On Tuesdays and Thursdays, I teach two, three-hour classes per day. One class is elementary (4 p.m. to 7 p.m.), and the next is middle school (7 p.m. to 10 p.m.). I am lucky this term because the classes and the lessons are on the same level. Once I prepare for the elementary class, I am well-prepped for the middle school class. Tuesday is C1 day. We go over reading, writing, and listening/speaking skills. C2 days (on odd weeks) are discussion based, where we talk about varying topics. So far, we’ve talked about “tiger moms,” and the students know all about them. On even weeks (on C2 day), we work on projects based upon the previous C2 lesson (next week, it will be a group project about “tiger moms” and comparing them to another type of parenting style).

It can all be fairly confusing, but once we get the hang of it, the lessons run smoothly.

Tell us a memorable story about working with your students.

There are quite a few, but one of my favorites occurred in my middle school class last term. We were about to end the second hour and slowly transition into the third hour (for projects). Somehow, I went on a minor spazzing/rant about Steven Yeun (from The Walking Dead) about how he is so handsome and amazing! I guess I must have spazzed about him too much because my students, a group of girls for their project, made a comic strip about me fawning over Steven Yeun.

In one scene, someone drew me at the front saying, “So, the lesson today is about the most handsome man ever, Steven YOON.” They spelled his last name wrong. The second picture had their reactions (“Nooo, teacher…”), the third picture, which let me know they had been listening to me, showed me pointing to the board and various points about why Steven Yeun was the best. The last picture had me asking them if he was handsome. They wrote out, “Okay, okay! He is handsome, Teacher!” It was so awesome!

What advice would you give sisters going into education?

I would say do it because you love it!
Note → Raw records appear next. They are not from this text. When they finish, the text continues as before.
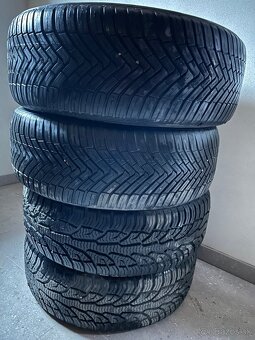Predám 4x celoročné pneumatiky 215/55 R17 - 3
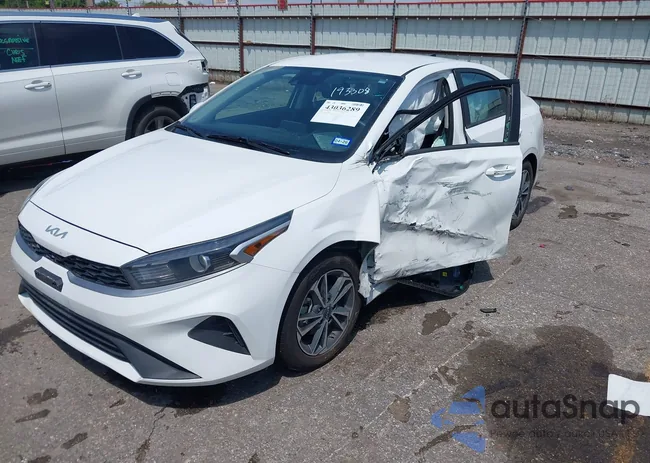 3KPF24AD8NE482485: 43036289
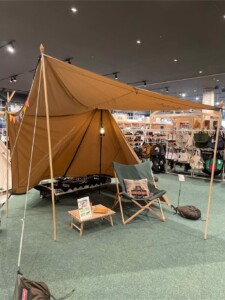 ナチュラルな雰囲気がおすすめの「ウッドポール」厳選6アイテム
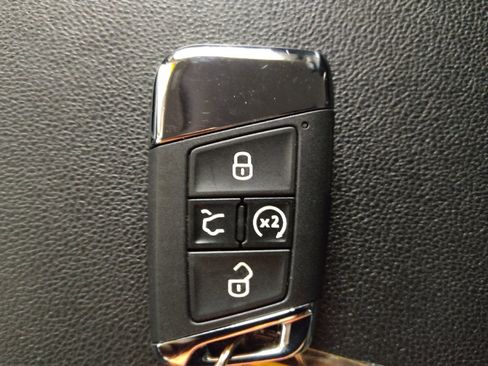 Used 2021 Volkswagen Atlas SE w/ Towing Package FWD image 32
Teaching is not easy. I have yet to see how teaching in America is, but I am sure it is no different. Some children may not be as motivated to be there, and you have to be prepared for it. They will mimic your energy. If you are positive and vibrant, they have no other choice but to be. Even if the lesson you are teaching is BLAH, you can make it the most interesting topic ever. Your students will pay attention. Just remain positive, and be prepared for anything to happen in the classroom.

I love teaching here in South Korea, but, of course, my passion is to come back home and be able to teach for low-income communities. I definitely have a passion for helping others and hope that I can eventually change the world one student and one classroom at a time!